Exploration of Insertion/Deletion Polymorphism of Angiotensin Converting Enzyme in Post-Transplant Diabetes Mellitus Individuals from an Asian Indian Population
- *Corresponding Author:
- Qurratulain Hasan
Department of Genetics and Molecular Medicine
Kamineni Hospital, LB Nagar
Received date: July 16 12, 2014; Accepted date: September 08, 2014; Published date: September 16, 2014
Citation: Vattam KK, Khan IA, Poornima S, Mukkavali KK, Rao P, et al. (2014) Exploration of Insertion/Deletion Polymorphism of Angiotensin Converting Enzyme in Post-Transplant Diabetes Mellitus Individuals from an Asian Indian Population. J Diabetes Metab 5:428 doi: 10.4172/2155-6156.1000428
Copyright: © 2014 Vattam KK, et al. This is an open-access article distributed under the terms of the Creative Commons Attribution License, which permits unrestricted use, distribution, and reproduction in any medium, provided the original author and source are credited.

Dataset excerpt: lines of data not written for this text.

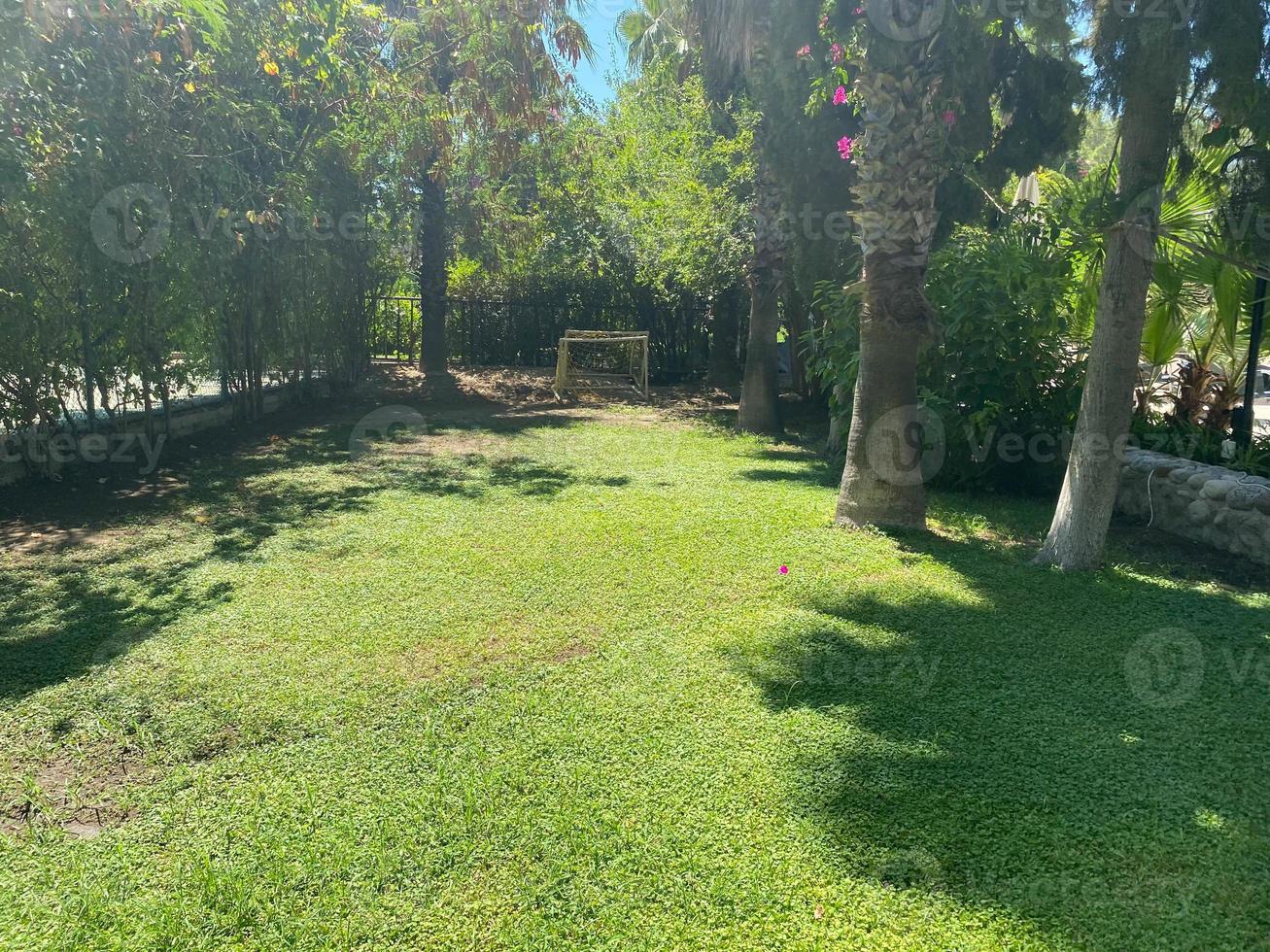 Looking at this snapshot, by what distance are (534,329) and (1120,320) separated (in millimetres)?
13992

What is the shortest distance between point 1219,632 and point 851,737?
8.02ft

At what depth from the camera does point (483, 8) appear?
12.4m

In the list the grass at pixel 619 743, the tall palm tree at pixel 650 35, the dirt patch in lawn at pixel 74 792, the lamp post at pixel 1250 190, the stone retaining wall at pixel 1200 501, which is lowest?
the dirt patch in lawn at pixel 74 792

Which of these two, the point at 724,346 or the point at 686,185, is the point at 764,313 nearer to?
the point at 686,185

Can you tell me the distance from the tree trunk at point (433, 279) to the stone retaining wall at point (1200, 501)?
12.3 metres

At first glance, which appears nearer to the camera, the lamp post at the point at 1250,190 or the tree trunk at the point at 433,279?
the lamp post at the point at 1250,190

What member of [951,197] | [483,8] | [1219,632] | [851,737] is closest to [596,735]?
[851,737]

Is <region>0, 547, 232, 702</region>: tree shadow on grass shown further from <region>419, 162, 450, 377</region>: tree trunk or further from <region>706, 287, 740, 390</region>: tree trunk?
<region>706, 287, 740, 390</region>: tree trunk

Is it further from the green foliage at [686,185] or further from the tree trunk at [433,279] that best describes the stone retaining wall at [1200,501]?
the tree trunk at [433,279]

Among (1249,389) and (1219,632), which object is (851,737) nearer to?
(1219,632)

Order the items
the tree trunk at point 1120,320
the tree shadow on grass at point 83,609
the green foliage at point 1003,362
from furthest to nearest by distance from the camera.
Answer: the green foliage at point 1003,362 < the tree trunk at point 1120,320 < the tree shadow on grass at point 83,609

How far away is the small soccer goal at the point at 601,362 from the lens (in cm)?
1472

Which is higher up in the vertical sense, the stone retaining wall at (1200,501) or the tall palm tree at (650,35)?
the tall palm tree at (650,35)

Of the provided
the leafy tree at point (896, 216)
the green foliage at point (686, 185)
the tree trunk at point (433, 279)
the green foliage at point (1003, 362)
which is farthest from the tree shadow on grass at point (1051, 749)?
the tree trunk at point (433, 279) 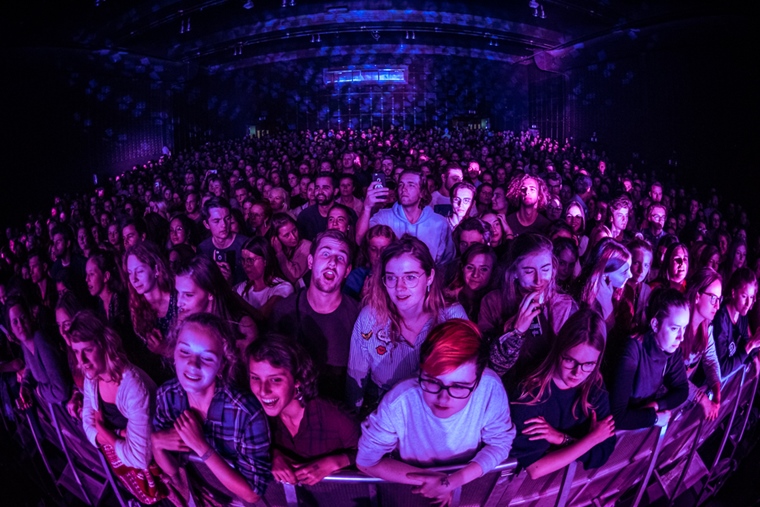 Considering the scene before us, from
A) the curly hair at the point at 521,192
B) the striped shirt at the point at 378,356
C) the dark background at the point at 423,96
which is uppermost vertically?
the dark background at the point at 423,96

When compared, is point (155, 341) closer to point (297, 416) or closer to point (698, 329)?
point (297, 416)

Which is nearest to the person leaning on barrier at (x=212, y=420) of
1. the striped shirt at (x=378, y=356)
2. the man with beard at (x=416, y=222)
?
the striped shirt at (x=378, y=356)

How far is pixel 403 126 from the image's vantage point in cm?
2538

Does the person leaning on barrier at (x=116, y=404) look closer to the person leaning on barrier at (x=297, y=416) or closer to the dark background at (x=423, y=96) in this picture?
the person leaning on barrier at (x=297, y=416)

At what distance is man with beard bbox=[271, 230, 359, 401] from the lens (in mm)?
2492

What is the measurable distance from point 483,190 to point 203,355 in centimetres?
399

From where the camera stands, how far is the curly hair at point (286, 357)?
1892 millimetres

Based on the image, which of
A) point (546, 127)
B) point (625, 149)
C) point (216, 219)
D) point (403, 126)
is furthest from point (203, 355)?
point (403, 126)

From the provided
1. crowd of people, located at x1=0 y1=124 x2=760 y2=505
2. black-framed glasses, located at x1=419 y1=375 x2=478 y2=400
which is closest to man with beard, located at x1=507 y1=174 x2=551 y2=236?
crowd of people, located at x1=0 y1=124 x2=760 y2=505

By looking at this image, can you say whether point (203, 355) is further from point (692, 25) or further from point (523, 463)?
point (692, 25)

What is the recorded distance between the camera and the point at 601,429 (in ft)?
6.81

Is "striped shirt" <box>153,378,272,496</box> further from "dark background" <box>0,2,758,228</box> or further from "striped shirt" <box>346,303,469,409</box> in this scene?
"dark background" <box>0,2,758,228</box>

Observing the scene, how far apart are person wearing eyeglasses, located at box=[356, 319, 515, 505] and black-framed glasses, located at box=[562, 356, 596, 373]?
0.31 m

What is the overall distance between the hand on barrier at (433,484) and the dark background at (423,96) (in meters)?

This work intended to test the association of Angiotensin Converting Enzyme (ACE) gene insertion (I) and Deletion (D) polymorphism in the End Stage Renal Disease (ESRD) subjects who developed post-transplant diabetes mellitus (PTDM) on using immunosuppressive drugs from an Asian Indian population. ACE is known to play an important role in the adaptation and regulation of systemic and renal circulations through angiogenesis II formation and kinins metabolism. A total of 240 non-diabetic ESRD individuals were prospectively screened for PTDM after renal transplant and 42 (30%) patients developed PTDM, whereas remaining 98 (70%) patients were non-PTDM. Genomic DNA was isolated from all the subjects and genotyping was performed for I28005D polymorphism using PCR-based assay. Individuals with PTDM had a higher DD (33.3%) genotypes and D (0.51) allele compared to controls. There was a significant difference between the genotype and allele frequencies of the PTDM cases and controls [for D Vs I, χ2=0.0244; p=0.02, odds ratio=1.98 (95% CI: 1.09-3.63; DD+ID Vs II, χ2=0.0316; p=0.03, odds ratio=2.9 (95% CI: 1.07-7.8)]. From our results we conclude that ACE gene polymorphism has role and a conventional risk facto
r in developing the disease in PTDM individuals from Asian Indian population.